Retrato do Artista Quando Jovem - Cap. 5: V Pág. 265 / 273

- Recordas-te do resto?

- Do que tu disseste, não é? - perguntou Cranly. - Sim.

Recordo-me. Descobrir a forma de vida ou de arte através da qual o teu espírito se possa expressar com total liberdade.

Stephen ergueu o chapéu, num cumprimento à sua memória.

- Liberdade! - repetiu Cranly. - Mas ainda não és suficientemente livre para cometer um sacrilégio. Diz-me cá, eras capaz de roubar?

- Preferia mendigar - disse Stephen.

- E se nada te dessem, serias capaz de roubar?

- Queres que eu diga - respondeu Stephen - que os direitos de propriedade são provisórios e que, em certas circunstâncias, não é ilícito roubar. Qualquer um o faria, com base nessa crença. Por isso, não vou dar-te essa resposta. Consulta o teólogo jesuíta Juan Mariana de Talavera, que te explicará em que circunstâncias poderás licitamente assassinar o teu rei e se seria preferível administrar-lhe o veneno numa taça ou espalhá-lo na sua túnica ou no arção da sua sela. Pergunta-me, antes, se eu consentiria em que me roubassem, e, se fosse roubado, se chamaria sobre os ladrões aquilo que julgo chamar-se a sanção do braço secular.

- Fá-lo-ias?

- Penso - disse Stephen - que isso me custaria tanto quanto ser roubado.

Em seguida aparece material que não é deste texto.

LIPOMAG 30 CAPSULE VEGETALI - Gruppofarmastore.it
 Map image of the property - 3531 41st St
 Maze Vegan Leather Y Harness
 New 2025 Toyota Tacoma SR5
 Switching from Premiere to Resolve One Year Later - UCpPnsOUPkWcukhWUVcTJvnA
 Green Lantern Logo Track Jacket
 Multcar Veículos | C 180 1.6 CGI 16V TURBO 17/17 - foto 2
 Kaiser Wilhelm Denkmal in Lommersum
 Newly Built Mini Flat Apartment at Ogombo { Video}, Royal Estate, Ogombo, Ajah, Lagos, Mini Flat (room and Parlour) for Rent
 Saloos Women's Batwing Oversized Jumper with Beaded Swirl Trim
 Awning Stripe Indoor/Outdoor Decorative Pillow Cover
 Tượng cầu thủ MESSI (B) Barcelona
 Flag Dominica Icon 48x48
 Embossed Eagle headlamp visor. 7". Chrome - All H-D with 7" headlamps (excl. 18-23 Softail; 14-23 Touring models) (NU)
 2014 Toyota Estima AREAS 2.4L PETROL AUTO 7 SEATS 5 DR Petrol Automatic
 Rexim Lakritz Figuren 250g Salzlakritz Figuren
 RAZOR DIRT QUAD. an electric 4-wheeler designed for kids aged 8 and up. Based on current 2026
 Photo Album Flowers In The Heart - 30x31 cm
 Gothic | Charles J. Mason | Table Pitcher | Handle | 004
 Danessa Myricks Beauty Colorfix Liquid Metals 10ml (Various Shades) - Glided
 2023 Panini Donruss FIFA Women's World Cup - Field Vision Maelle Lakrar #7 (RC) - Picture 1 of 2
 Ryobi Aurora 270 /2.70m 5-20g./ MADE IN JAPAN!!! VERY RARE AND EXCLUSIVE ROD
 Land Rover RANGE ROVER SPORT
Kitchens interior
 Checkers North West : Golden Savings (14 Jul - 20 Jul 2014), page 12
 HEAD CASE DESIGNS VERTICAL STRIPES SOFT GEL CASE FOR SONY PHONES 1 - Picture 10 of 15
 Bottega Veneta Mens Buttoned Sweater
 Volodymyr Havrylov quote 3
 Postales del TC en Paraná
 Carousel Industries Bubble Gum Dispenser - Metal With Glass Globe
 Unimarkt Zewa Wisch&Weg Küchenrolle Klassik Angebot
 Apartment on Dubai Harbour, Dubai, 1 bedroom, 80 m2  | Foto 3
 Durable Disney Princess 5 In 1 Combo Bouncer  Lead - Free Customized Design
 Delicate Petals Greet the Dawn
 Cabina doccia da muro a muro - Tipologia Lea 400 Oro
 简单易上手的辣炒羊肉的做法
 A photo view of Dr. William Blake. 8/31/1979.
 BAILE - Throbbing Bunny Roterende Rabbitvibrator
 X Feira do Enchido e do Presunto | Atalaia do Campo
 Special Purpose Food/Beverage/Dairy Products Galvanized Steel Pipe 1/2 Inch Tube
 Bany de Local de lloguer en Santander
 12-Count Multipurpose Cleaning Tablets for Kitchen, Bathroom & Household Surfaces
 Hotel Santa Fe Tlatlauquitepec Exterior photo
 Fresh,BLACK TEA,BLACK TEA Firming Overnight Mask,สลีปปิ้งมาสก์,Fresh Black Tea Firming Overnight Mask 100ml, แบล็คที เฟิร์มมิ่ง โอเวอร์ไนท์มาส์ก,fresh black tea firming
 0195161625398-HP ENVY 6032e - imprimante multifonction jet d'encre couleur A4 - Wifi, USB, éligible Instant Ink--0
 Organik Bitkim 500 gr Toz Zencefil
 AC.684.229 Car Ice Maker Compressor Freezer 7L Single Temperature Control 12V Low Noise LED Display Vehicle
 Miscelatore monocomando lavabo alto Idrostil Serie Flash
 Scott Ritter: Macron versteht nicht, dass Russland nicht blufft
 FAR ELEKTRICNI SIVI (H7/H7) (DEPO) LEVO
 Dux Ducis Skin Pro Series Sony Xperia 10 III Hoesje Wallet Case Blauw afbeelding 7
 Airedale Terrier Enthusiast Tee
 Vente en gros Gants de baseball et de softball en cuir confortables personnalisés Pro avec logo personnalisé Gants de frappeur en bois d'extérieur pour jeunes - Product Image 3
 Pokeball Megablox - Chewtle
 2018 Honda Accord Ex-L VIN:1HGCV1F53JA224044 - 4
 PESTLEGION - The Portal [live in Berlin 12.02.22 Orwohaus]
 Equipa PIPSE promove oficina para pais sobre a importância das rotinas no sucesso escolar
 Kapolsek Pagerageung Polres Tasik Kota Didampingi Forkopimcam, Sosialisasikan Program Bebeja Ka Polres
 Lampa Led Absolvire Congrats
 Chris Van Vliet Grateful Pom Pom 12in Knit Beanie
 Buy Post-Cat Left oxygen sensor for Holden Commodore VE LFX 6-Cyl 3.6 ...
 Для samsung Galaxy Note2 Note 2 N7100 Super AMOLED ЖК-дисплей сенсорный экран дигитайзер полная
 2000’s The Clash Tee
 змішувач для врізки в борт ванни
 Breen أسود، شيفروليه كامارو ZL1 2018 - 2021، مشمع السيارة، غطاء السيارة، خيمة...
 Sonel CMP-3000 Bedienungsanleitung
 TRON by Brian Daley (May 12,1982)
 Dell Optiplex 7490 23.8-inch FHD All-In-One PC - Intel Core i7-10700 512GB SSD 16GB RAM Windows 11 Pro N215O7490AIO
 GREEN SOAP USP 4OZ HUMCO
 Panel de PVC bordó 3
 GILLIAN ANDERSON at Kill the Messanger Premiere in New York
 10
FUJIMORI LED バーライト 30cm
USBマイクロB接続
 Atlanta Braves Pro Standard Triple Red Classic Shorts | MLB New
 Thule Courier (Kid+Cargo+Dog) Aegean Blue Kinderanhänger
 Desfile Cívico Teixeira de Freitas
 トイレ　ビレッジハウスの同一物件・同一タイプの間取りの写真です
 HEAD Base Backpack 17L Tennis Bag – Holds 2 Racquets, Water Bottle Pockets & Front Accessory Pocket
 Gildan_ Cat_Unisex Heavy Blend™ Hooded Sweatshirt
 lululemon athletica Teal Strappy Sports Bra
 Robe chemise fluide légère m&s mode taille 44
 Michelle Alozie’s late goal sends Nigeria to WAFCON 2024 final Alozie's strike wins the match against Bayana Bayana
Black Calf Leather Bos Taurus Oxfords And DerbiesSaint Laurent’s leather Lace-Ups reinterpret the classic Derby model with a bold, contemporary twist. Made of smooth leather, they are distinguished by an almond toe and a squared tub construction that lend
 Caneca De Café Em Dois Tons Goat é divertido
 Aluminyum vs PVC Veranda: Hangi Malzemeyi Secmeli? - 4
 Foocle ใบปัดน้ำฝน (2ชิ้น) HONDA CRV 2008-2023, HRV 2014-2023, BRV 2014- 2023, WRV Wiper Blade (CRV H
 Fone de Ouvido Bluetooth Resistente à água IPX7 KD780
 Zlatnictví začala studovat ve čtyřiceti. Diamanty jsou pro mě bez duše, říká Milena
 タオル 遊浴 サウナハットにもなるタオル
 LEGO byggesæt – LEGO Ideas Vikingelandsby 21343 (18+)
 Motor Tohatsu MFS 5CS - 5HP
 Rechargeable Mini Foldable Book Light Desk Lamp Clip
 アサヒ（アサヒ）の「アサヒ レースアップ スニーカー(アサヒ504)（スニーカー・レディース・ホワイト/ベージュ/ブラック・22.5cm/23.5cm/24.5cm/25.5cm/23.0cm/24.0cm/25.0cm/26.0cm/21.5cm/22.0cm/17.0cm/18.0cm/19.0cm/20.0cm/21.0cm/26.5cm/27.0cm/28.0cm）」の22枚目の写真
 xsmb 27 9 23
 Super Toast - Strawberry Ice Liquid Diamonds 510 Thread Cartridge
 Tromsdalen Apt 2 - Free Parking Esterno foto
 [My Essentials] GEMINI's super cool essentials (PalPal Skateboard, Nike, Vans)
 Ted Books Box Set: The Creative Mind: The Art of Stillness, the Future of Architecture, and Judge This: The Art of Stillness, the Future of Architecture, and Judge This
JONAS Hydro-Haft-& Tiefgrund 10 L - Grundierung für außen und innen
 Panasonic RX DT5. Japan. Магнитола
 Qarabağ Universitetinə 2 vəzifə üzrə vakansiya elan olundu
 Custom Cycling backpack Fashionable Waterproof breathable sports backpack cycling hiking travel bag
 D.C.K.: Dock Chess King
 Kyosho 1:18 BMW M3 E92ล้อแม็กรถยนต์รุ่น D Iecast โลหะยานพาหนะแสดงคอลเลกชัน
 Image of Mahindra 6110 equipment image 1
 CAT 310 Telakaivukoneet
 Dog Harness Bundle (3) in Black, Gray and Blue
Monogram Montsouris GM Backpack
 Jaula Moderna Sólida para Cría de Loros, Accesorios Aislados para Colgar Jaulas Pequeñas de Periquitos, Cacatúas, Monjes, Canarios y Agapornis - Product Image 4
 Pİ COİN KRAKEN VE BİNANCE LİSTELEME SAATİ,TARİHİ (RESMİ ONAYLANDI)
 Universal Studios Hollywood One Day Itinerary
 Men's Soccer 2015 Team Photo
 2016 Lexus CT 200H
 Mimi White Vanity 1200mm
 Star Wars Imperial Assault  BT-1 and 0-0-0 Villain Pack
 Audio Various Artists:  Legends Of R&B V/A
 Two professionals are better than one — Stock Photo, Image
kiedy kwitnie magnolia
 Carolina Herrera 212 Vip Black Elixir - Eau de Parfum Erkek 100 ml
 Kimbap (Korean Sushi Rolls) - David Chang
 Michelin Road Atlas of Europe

- Compreendo - disse Cranly.

Retirou o fósforo do bolso e começou a limpar o interstício entre dois dentes. Depois disse, em tom despreocupado:

- Diz-me, por exemplo, serias capaz de desflorar uma virgem?

- Desculpa - disse Stephen, cortesmente -, mas não é essa a ambição da maior parte dos jovens cavalheiros?

- Qual é, então, o teu ponto de vista? - perguntou Cranly. A sua última frase, com um odor ácido semelhante ao do fumo de carvão, e deprimente, excitou o cérebro de Stephen, sobre o qual o fumo parecia pairar.